The report, commissioned by the HSE, was conducted by PWC and published on December 3rd, just days before a cyber attack on a Dublin maternity hospital.
Today, The Coombe Women & Infants University Hospital confirmed that they were the target of a hacking which took place overnight.
In a statement, the hospital said that they are working with the HSE to resolve the issue and have locked down all their IT systems as a precaution.
“We wish to reassure all of those accessing our services that these services are continuing as normal," The Coombe said in a statement.
“We have locked down all our IT systems on a precautionary basis and are working closely with the HSE to resolve this matter. “
The PWC investigation revealed: “The national health service is operating on a frail IT estate with an architecture that has evolved rather than be designed for resilience and security,” recommending that the HSE need to create a system that is “resilient and future-fit.”
The review found that the infrastructure in place does not have the required cybersecurity capabilities to protect the large operation that is the health service and the data they process “from the cyber attacks that all organisations face today.”
“It does not have sufficient subject matter expertise, resources or appropriate security tooling to detect, prevent or respond to a cyber attack of this scale,” it was reported.
Further to this, the review found that the HSE does not have any cybersecurity in place that can detect and prevent ransomware attacks, such as the one that occurred earlier this year.
It was also found that the computer on which the attacker “gained their initial foothold” did not have antivirus updates for over a year.
“The low level of cybersecurity maturity, combined with the frailty of the IT estate, enabled the attacker in this Incident to achieve their objectives with relative ease,” the report reads.
It also told of how easy it would have been for the attacker to infiltrate the network without detection.
“The attacker was able to use well-known and simple attack techniques to move around the National Health Network, extract data and deploy ransomware software over large parts of the estate, without detection.”
When it came to the software being used by the HSE, it was found that the HSE has over 30,000 outdated Windows 7 systems running on workstations, despite Windows 7 being deemed ‘end of-life’ by Microsoft almost two years ago in January 2020.
They were advised to upgrade computers to Windows 10 in a bid to address known vulnerabilities and support issues with their current operating system.
The review advised that the HSE implement 11 immediate actions including appointing an interim senior leader for cyber security, establishing an executive level cyber security committee and a board committee.
They were also advised to plan a multi-year cyber security transformation programme.
Following, The Coombe attack, the HSE said several systems in the hospital were impacted and as a result The Coombe has been disconnected from the National Health Network.
"We are aware of a ransomware attack on IT systems at The Coombe.

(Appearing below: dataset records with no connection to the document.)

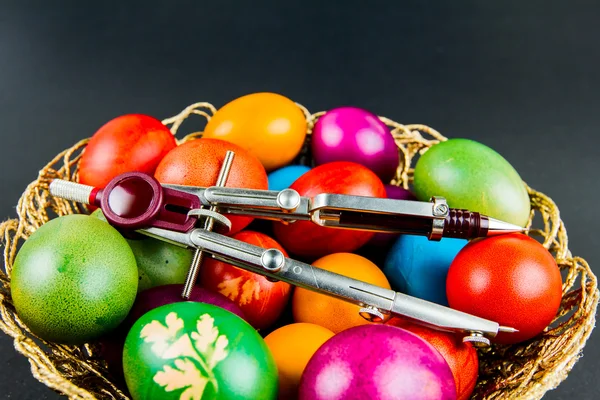 Decorated Easter eggs in a woven basket — Stock Photo, Image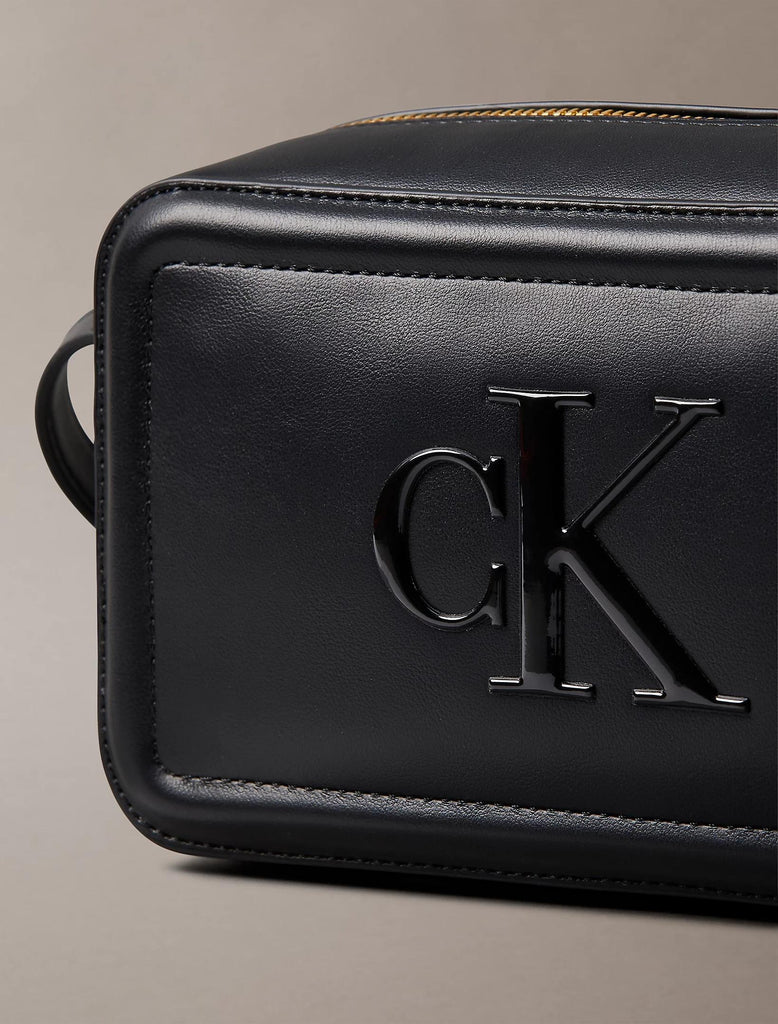 CALVIN KLEIN JEANS BOLD CK CAMERA BAG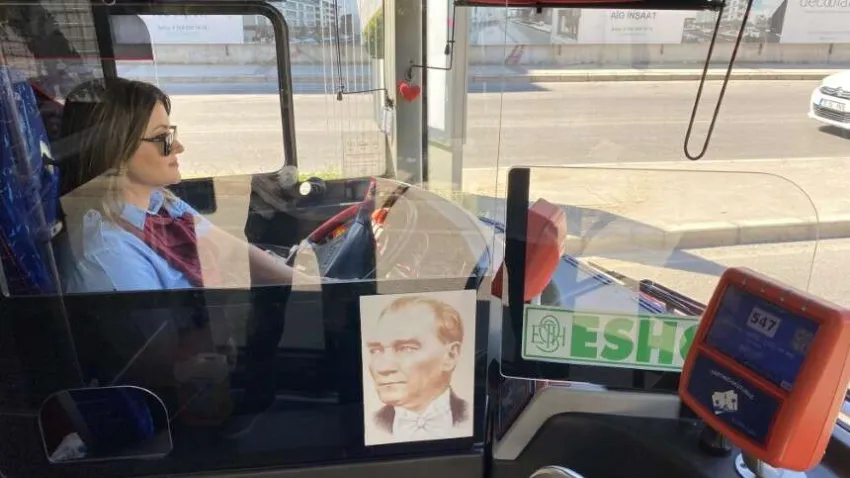 Yaklaşık 4 yıldır otobüs şoförü olarak görev yaptığını söyleyen Sibel Doğan, “Herkes sevdiği işi yapmalı diye yola çıktım. Araç kullanmayı da çok seviyorum. Böyle bir ilanı görünce başvurmak istedim. İnsanlar tarafından çok olumlu tepkiler alıyorum. Hepsi memnun. Tüm şoförlerin kadın olmasını isteyen bile var” dedi.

This has impacted several systems in the hospital," a spokesperson said.
"HSE teams are working with colleagues in The Coombe. At this point we have not seen evidence of an impact external to the Coombe Hospital but we are continuing, with external support, to assess whether there is any broader impact. "
An Garda Síochána are also aware of the incident and are liaising with the National Cyber Security Centre (NCSC) and The Coombe Hospital.